Investigators reported, “Our data show that 8-weeks treatment with THC-rich cannabis, but not placebo, was associated with a significant decrease of 100 points in CDAI (Crohn’s Disease and activity index) scores.” (The CDIA is a research tool used to quantify the symptoms of Crohn’s disease patients.) Five of the eleven patients in the study group also reported achieving disease remission (defined as a reduction in patient CDAI score by more than 150 points).
Researchers also reported that “no significant side effects” were associated with cannabis inhalation. Subjects in the study group reported improvements in appetite and sleep compared to those in the placebo group. Cannabis inhalation was also associated with “significantly less pain” among the participants.
The study is the first placebo-controlled clinical trial to assess the consumption of cannabis for the treatment of Crohn’s.

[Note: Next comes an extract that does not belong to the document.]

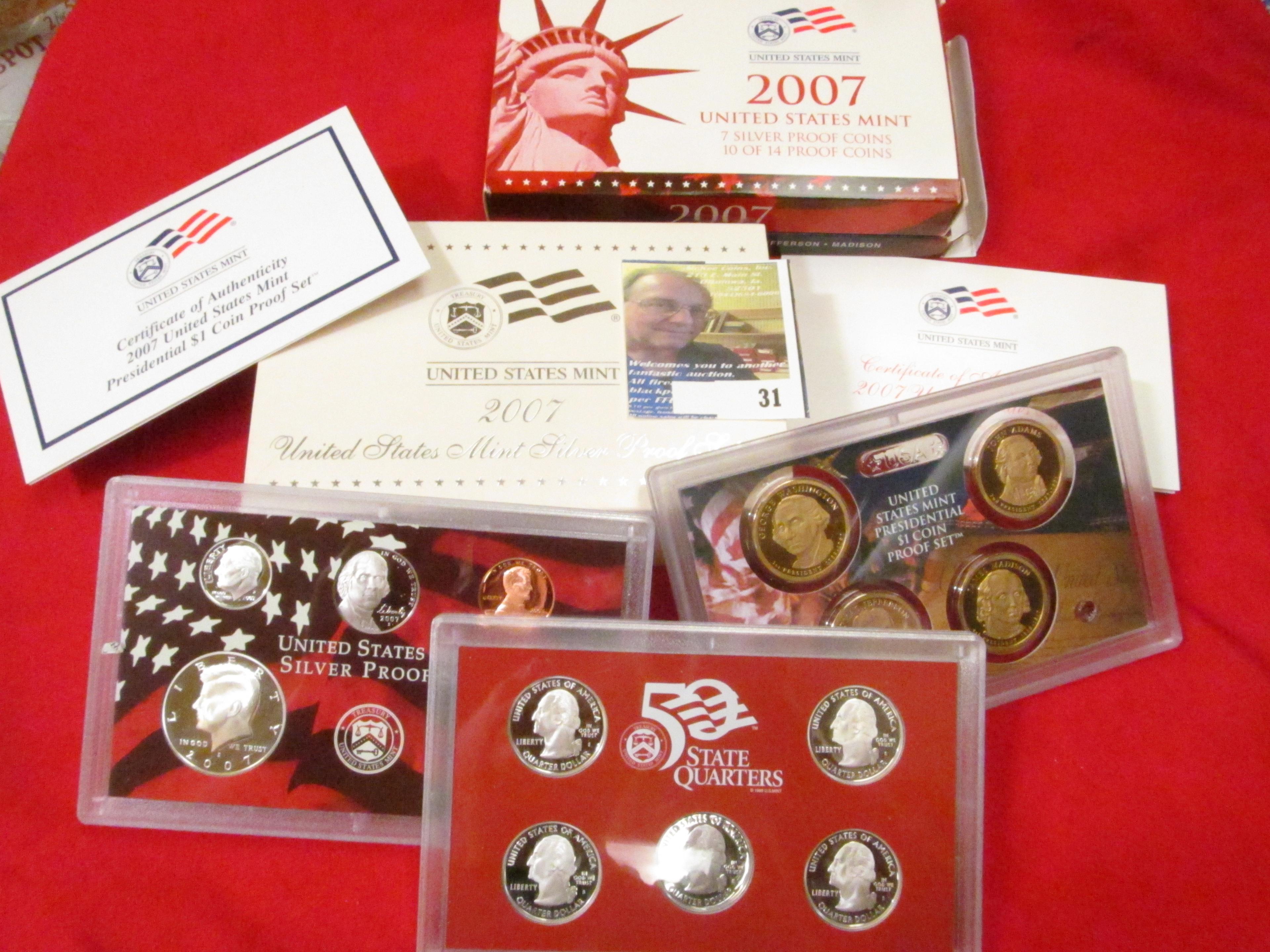 2007 S U.S. Silver Proof Set. 14 pc. In original box and holder as issued.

Israeli researchers had previously published observational trial data reporting that Crohn’s patients require fewer disease-related surgeries following their use of cannabis.
According to survey data published in 2011 in the European Journal of Gastroenterology and Hepatology, some one-half of Crohn’s disease patients acknowledge having used cannabis to mitigate their disease symptoms.
From the International Association for Cannabinoid Medicines
IACM-Bulletin of 8 April 2012
World: Increasing numbers of patients use cannabis for medicinal purposes
An increasing number of patients in the world are using cannabis for therapeutic reasons, with available data from countries, which have installed programs for their citizens. Good data are available for Israel, Canada, the Netherlands and many states of the US with medicinal cannabis laws and registries. In several more countries only a few patients are allowed to use cannabis for medicinal purposes, including Germany, Norway, Finland and Italy. In many other countries such as Spain and some states of the US without a registry such as California the number of medicinal users is estimated to be high, but no detailed data are available.
The numbers in California with hundreds of cannabis dispensaries and clinics that issue medical cannabis recommendations are unclear, since the state does not require residents to register as patients (see below**)
Most of the 16 states that allow the medicinal use of cannabis require a registration. Recently the press agency Associated Press published data on registered patients in different states of the USA based on state agencies responsible for maintaining patient registries:
State: Number of registered patients (per 1,000 of the whole population) –
Colorado: 82,089 (16.3)
Oregon: 57,386 (15.0)
Montana: 14,364 (14.5)
Michigan: 131,483 (13.3)
Hawaii: 11,695 (8.6)
Rhode Island: 4,466 (4.2)
Arizona: 22,037 (3.5)
New Mexico: 4,310 (2.1)
Maine: 2,708 (2.0)
Nevada: 3,388 (1.3)
Vermont: 505 (0.8)
Alaska: 538 (0.8)
Patient registration is mandatory in Delaware, New Jersey and the District of Columbia (Washington D.C.), but their registries are not yet up and running. Washington State has neither voluntary nor mandatory registration.
Data from Israel show that in August 2011 6,000 patients got medicinal cannabis (0.8 patients in 1,000). It is estimated that the number increases to 40,000 in 2016 (5.2 patients in 1,000 citizens).
In Canada 12,116 patients were allowed to use cannabis on 30 September 2011 (0.35 patients in 1,000 citizens).
Numbers of patients using cannabis from the pharmacies in the Netherlands were estimated to be 1,300 in 2010 (0.08 patients in 1,000 citizens). However, many patients in the Netherlands use cannabis from the coffee shops or grow their own.
In Germany about 60 patients are currently allowed to use cannabis for medicinal purposes.
(Sources: Associated Press of 24 March 2012, website of the Israeli Prime Minister of 7 August 2011, UPI of 31 October 2011, Pharmaceutisch Weekblad No. 20, 2011)
**[Editor's note: CA NORML published a white paper last May estimating that California has 750,000 - 1,125,000 citizens who possess a physician's recommendation to use cannabis medicinally.]